MERZIG (tmb). Eine kürzlich im saarländischen Merzig eingeweihte Verblisterungsanlage in bisher ungekannter Größenordnung soll den Apotheken das Stellen von Arzneimitteln erleichtern. Damit erhält die kontrovers geführte Debatte über die Vor- und Nachteile dieses Versorgungskonzeptes neue Nahrung. Zunächst findet im Saarland nur ein Pilotversuch statt, aber das Angebot zielt auf den breiten Apothekenmarkt. Zu den Zukunftsplänen fragte die DAZ bei dem investierenden Unternehmen nach.

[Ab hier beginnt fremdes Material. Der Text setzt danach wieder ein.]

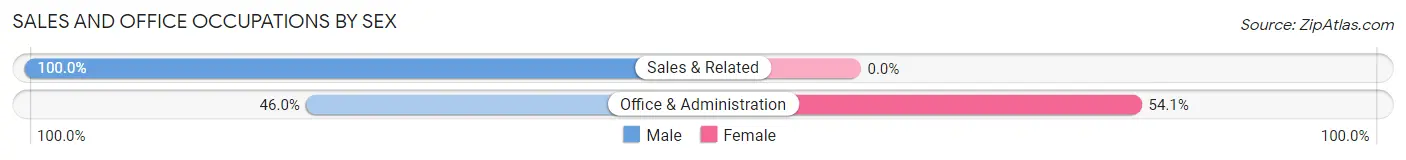 Sales and Office Occupations by Sex in Zip Code 26215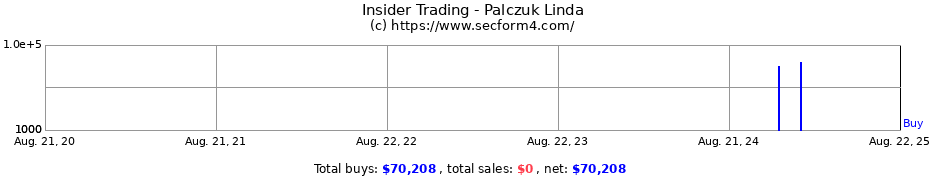 Insider Trading Transactions for Palczuk Linda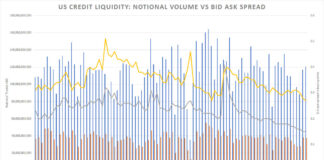 BOB Secondary: US Credit has never had it so good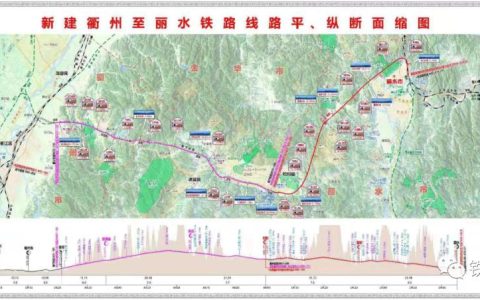 傅沅杰：衢丽开工建，丽水人民乐开花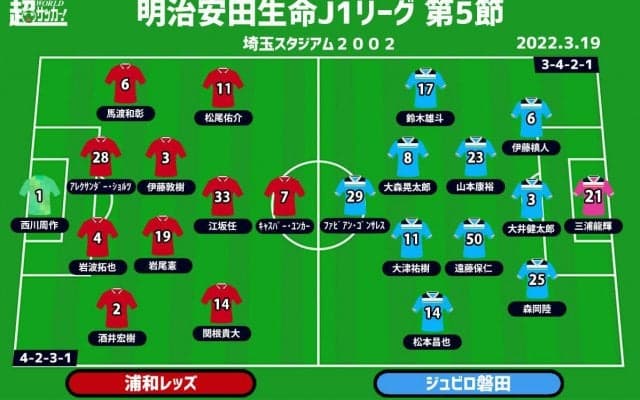 【J1注目プレビュー|第5節:浦和vs磐田】互いにカギはストライカー、ゴールを奪い切って勝利掴むのは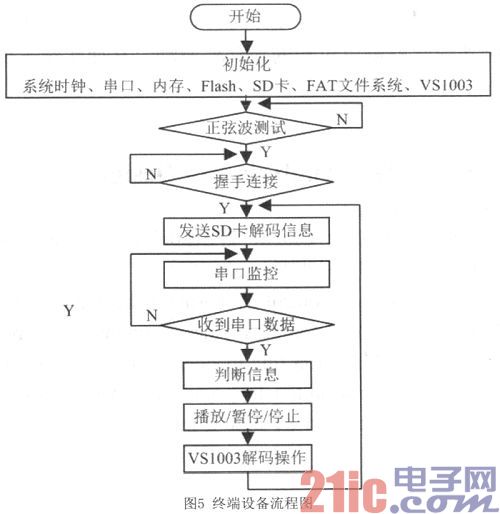 一种触摸式无线解说器的系统设计与技术实现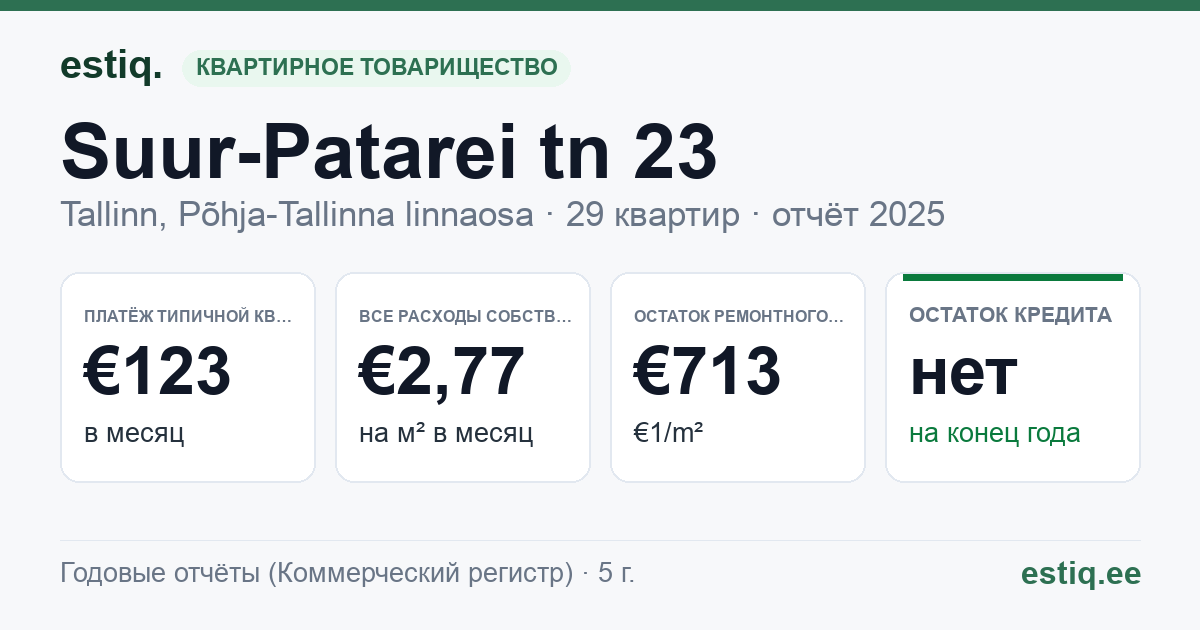 Tallinn, Suur-Patarei tn 23 korteriühistu: основные показатели 2025 — типичная квартира €123 в месяц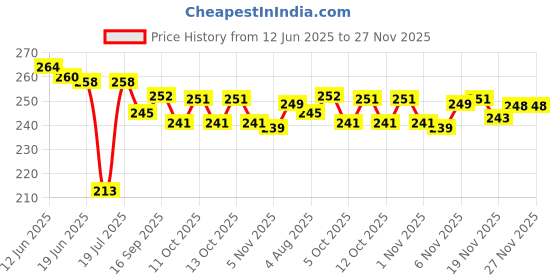 flipkart.com trendz hack Chiffon Printed Maroon Women Dupatta trendz hack Price History Graph from 12 Jun 2025 to 26 Nov 2025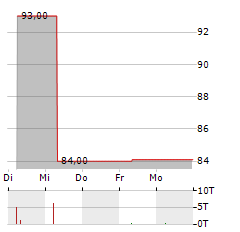 MCOM INVESTMENTS Aktie 5-Tage-Chart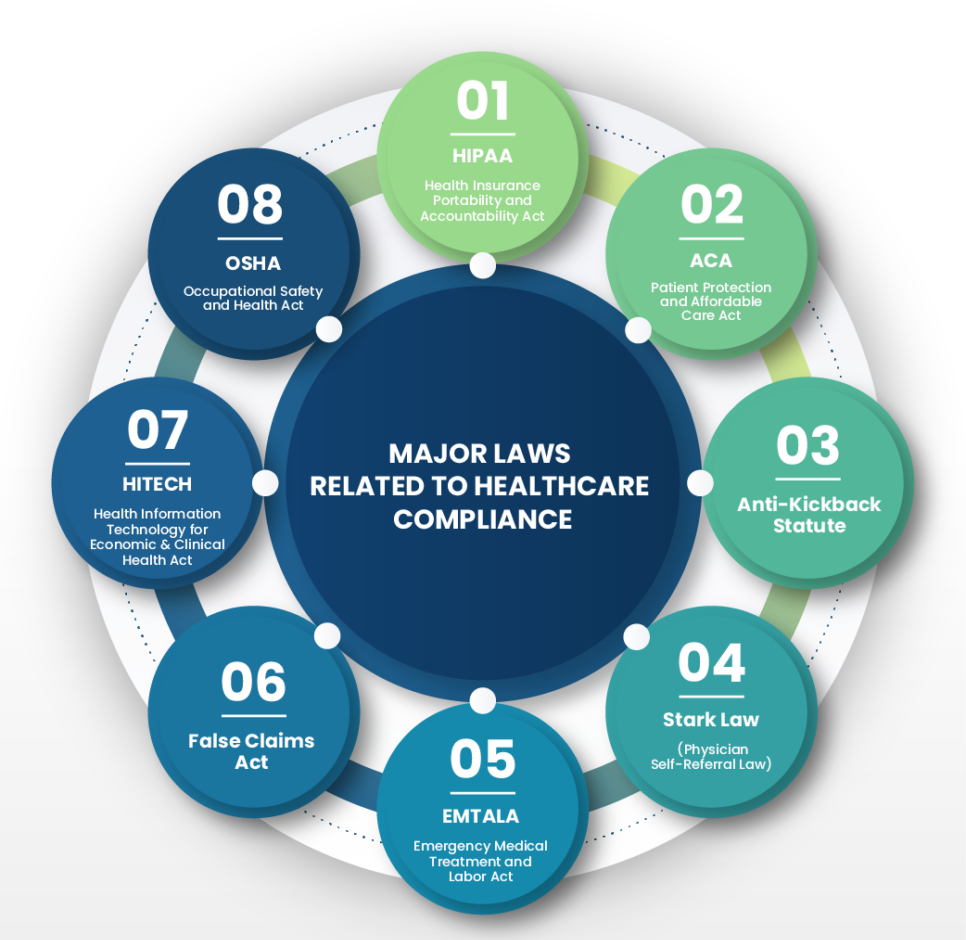 Oncology Waste Compliance With OSHA Regulations DC-MD-VA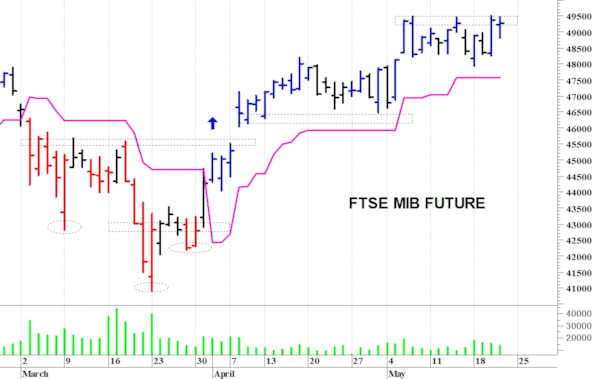 Ftse Mib future: spunti operativi per venerdì 22 maggio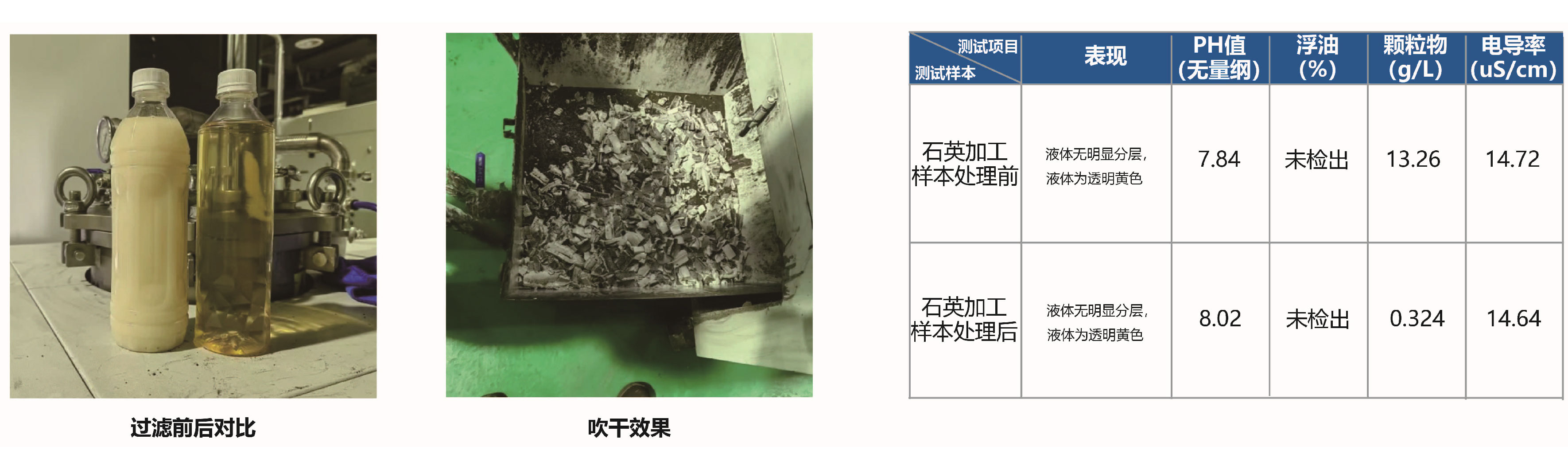 过滤前后对比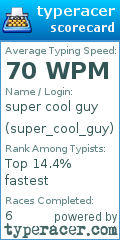 Scorecard for user super_cool_guy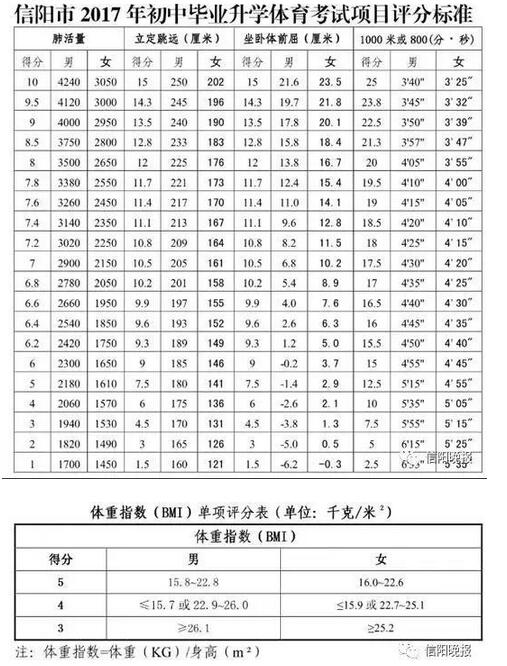 河南信阳2017中考体育考试评分标准1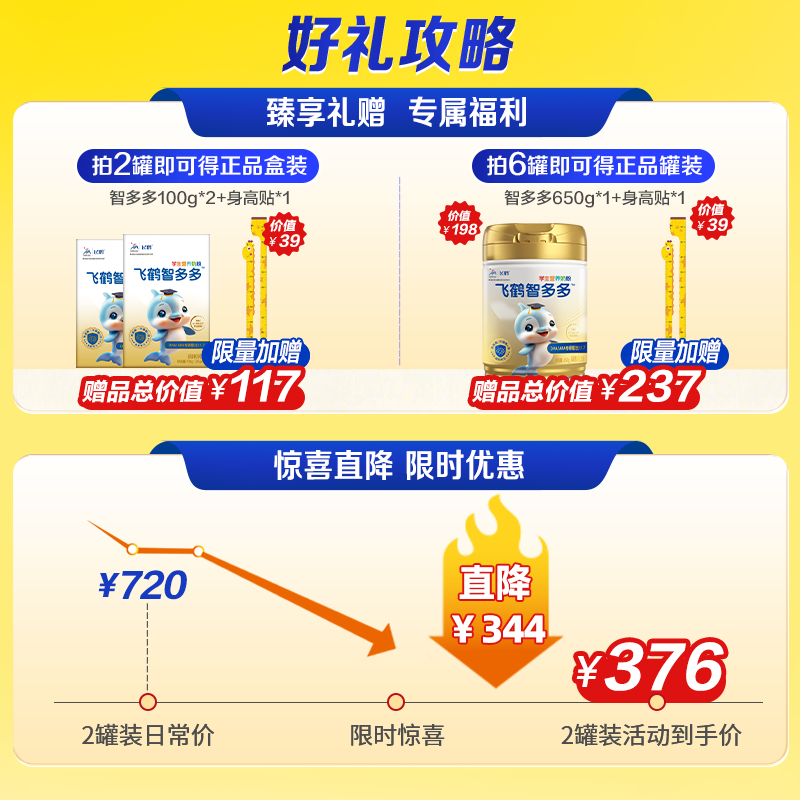 飞鹤智多多学生营养儿童高钙成长奶粉叶黄素青少年牛奶粉榜单热销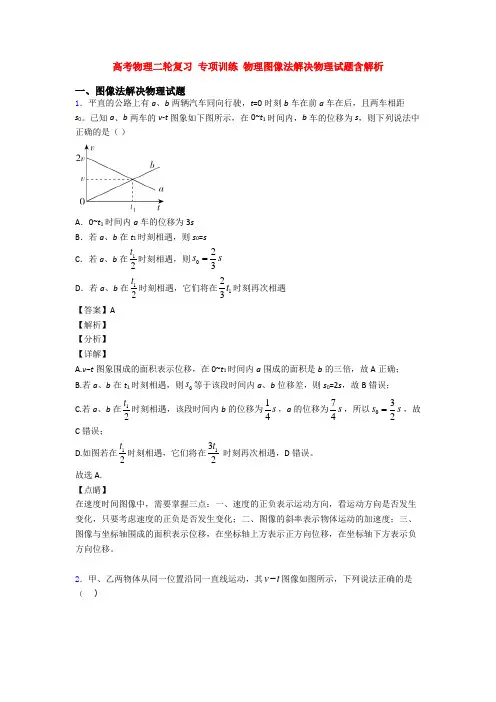 高考物理二轮复习 专项训练 物理图像法解决物理试题含解析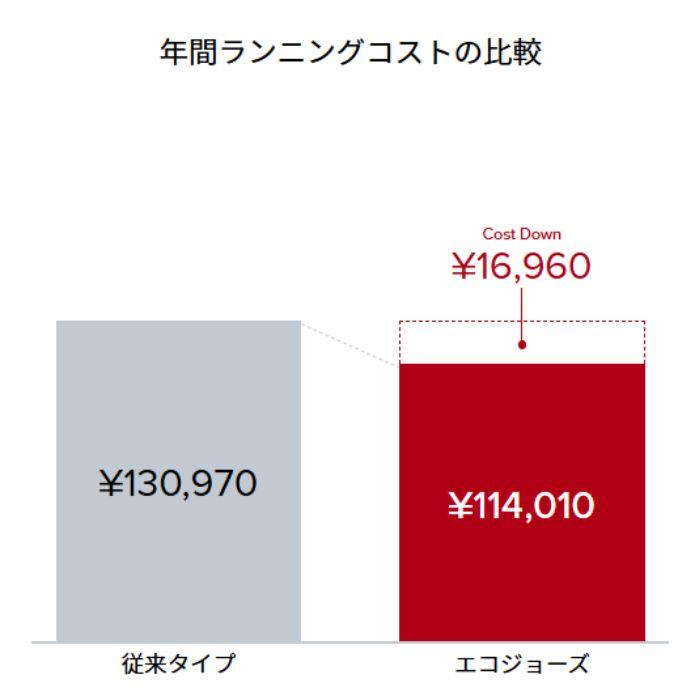【工事セット約15万円！3年保証付】リンナイ RUF-E240ESAW 24号 都市ガス用 ふろ給湯器 エコジョーズ マルチリモコン(MBC-240V(A))選択 設置工事 延長保証の画像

Die Firma Assist-Pharma, eine Tochtergesellschaft des größten deutschen Arzneimittelimporteurs Kohl-Pharma, hatte die neue Verblisterungsanlage kürzlich in Betrieb genommen. Im Rahmen eines Pilotprojektes sollen mit den dort gestellten Arzneimitteln die Bewohner von drei Altenheimen versorgt werden. Die Arzneimittel werden über die sieben Apotheken ausgeliefert, die Versorgungsverträge mit diesen Heimen abgeschlossen haben. Die 50 Millionen Euro schwere Investition zielt jedoch langfristig auf ganz andere Dimensionen. Dies zeigt auch das Konzept der Einweihungsveranstaltung, bei der sogar der saarländische Ministerpräsident Peter Müller (CDU) anwesend war.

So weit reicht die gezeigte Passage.